Concerning the dinosaurs, Horner's team started by trying to reverse engineer the chicken's beak into a snout. That's just the first step. In a March interview, Horner said, "The tail is the biggest project. But on the other hand, we have been able to do some things recently that have given us hope that it won't take too long."

"Hope that it won't take too long." This is when the scary music plays.

Horner then proclaimed that a "chickensaurus" will be alive within 10 years.

Imagine a future – say the year 2029 –in which a dinosaur lives in Solano County. My guess, based on watching the "Jurassic Park" movies, is it will live at Six Flags Discovery Kingdom in Vallejo/ Theme parks are a natural fit.

It will be spectacular.

You will be able to go see the dinosaur. You will feed it.
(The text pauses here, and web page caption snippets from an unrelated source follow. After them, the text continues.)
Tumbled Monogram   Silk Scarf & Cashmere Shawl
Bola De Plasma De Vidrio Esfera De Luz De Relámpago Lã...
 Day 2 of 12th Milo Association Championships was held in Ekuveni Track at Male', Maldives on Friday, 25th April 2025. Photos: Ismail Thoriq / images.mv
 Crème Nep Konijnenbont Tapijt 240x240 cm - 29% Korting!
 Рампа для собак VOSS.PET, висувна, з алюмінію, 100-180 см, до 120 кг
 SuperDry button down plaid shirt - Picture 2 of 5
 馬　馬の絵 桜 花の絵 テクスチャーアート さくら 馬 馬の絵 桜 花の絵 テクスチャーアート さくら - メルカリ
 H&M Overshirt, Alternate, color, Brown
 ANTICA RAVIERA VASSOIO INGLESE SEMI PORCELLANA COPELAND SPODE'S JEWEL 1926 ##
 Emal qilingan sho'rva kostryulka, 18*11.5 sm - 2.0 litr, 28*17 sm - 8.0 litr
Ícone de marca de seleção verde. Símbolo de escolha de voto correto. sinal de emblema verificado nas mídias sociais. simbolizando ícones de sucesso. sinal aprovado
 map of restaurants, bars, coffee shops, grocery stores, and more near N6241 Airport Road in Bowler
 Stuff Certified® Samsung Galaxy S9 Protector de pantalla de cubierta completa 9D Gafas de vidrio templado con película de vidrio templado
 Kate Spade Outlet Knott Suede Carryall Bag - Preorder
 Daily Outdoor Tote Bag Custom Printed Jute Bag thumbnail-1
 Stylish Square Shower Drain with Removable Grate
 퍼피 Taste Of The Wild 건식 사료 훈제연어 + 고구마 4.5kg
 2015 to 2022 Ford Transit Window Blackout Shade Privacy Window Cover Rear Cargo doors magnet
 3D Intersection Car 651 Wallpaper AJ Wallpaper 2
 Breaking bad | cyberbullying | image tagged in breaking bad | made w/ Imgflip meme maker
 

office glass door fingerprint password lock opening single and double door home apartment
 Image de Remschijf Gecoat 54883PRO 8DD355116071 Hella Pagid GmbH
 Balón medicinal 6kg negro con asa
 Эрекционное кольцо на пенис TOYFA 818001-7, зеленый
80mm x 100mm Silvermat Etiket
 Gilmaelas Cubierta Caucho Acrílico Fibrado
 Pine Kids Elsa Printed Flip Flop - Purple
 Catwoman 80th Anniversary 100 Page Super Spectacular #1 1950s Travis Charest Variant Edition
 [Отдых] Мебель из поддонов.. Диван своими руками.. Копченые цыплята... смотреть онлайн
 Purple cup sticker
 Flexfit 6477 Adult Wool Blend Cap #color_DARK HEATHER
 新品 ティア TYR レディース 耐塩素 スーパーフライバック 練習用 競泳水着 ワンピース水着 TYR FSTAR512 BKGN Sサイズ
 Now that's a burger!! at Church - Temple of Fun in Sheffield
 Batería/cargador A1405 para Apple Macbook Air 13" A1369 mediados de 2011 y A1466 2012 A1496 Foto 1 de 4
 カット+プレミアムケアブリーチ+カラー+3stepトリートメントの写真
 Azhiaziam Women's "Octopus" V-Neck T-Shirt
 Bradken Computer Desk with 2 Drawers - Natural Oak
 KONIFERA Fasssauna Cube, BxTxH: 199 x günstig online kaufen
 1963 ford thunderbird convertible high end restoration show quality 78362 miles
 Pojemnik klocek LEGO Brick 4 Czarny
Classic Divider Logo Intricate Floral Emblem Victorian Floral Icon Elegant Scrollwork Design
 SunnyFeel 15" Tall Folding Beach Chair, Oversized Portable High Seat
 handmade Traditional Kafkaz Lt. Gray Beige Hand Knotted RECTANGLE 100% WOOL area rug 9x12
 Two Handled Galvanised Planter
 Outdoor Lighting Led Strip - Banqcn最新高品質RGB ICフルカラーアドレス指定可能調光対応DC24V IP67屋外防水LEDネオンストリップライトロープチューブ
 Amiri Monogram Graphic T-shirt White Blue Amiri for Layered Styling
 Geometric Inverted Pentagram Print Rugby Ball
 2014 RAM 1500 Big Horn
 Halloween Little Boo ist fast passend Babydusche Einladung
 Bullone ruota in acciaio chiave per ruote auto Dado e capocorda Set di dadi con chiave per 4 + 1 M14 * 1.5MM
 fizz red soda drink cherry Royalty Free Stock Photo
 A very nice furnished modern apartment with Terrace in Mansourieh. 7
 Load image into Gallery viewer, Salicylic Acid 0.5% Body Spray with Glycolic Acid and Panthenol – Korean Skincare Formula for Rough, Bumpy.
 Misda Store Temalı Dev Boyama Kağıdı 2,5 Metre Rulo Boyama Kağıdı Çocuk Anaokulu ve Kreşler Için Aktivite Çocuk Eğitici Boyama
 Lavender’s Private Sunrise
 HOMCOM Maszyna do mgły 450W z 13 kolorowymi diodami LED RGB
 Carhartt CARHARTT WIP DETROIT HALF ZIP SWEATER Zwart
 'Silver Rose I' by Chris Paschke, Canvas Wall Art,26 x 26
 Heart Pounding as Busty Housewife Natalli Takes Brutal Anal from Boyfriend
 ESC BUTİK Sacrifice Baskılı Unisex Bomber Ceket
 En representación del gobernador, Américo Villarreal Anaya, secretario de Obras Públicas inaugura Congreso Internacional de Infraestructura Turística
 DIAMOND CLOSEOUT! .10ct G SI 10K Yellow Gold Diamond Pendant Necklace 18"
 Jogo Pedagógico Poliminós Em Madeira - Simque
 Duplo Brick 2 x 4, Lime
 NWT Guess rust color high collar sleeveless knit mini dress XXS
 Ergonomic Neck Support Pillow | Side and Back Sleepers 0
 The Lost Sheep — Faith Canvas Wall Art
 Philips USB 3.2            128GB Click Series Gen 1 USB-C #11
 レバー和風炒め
You will cheer as it hatches new dinosaurs.

But we know what happens next.

The dinosaur will gradually gain intelligence. The general public won't realize it – only the renegade scientist who has a reputation as being too clever for his own good will know.

Horner and his colleagues will insist everything is fine.

Until the day when the dinosaur breaks loose. It will begin in Vallejo (again, I'm presuming) and will work its way along Interstate 80 until it gets to Fairfield-Suisun, knocking over the auto dealership signs west of town.

You can fill in the other details (the scientists who created the monster insisting things are OK, a kid who somehow outwits the dinosaur despite being terrified, a romance between someone who works with the dinosaur and someone who left "the dinosaur project" in disgust a few years earlier), but the return of the dinosaur will be great. Until it's terrible.

This is happening because scientists didn't distinguish between what the can do and what they should do.

Here's the truth: When something goes extinct (the mullet, Ford Pinto, Pepsi Blue, "Knight Rider"),  it's usually best left alone.

But this is happening. A group of scientists from America's most prestigious universities have somehow convinced themselves that what we need in the 21st century is dinosaurs.

I am planning ahead.

I'm going to eat as much chicken as possible, reducing the number of chickensaurus candidates. I'm going to keep making cheap jokes about Jack Horner's name. I'm going on record that I think this is a bad idea.

Who wants a chicken with a snout, anyway?